To be sure, it would certainly have been extraordinary if we did win. Britain has a long history of Euroskepticism, and these are populist times, in which voters are ready to reject the status quo. It also has to be said that we faced an extraordinarily hostile media. Team Cameron was used to having the main broadsheets and key tabloids on its side. We weren’t used to a campaign where we could land next to nothing in the newspapers because of their Euroskeptic viewpoints and had to contend with a BBC position on impartiality that was bordering on the absurd.
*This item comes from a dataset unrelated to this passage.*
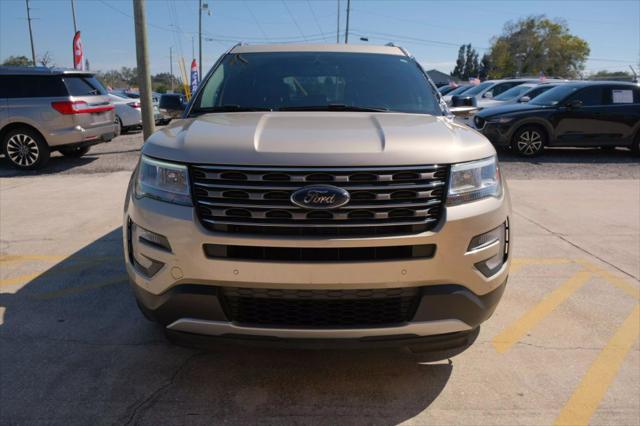 used 2017 Ford Explorer car, priced at $15,777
We kept trying to win the 6 and 10 o’clock news with big stories but with little success.

Winning would have required a much greater effort, much earlier on, to sway the electorate. One more attack on Boris Johnson, or another speech by Cameron would not have been enough. There were loads of things in hindsight that we should have done — such as deploy Ruth Davidson and Sadiq Khan much earlier or have gotten Cameron out on the road earlier — but I doubt they would have been critical. And while all of Cooper’s focus groups said it was a head (economics) vs heart (immigration) contest, it was a mistake not to attempt to engage emotionally. We may never have been able to win those arguments but we should not have vacated the ground entirely.

But our biggest mistake was our failure to deliver the kind of deal we — and especially the media — had given the impression was possible. From the moment Cameron promised a referendum we should have built up the case for European cooperation, preparing the electoral battlefield we would eventually have to fight on. We didn’t. And so a better organized, more passionate adversary won.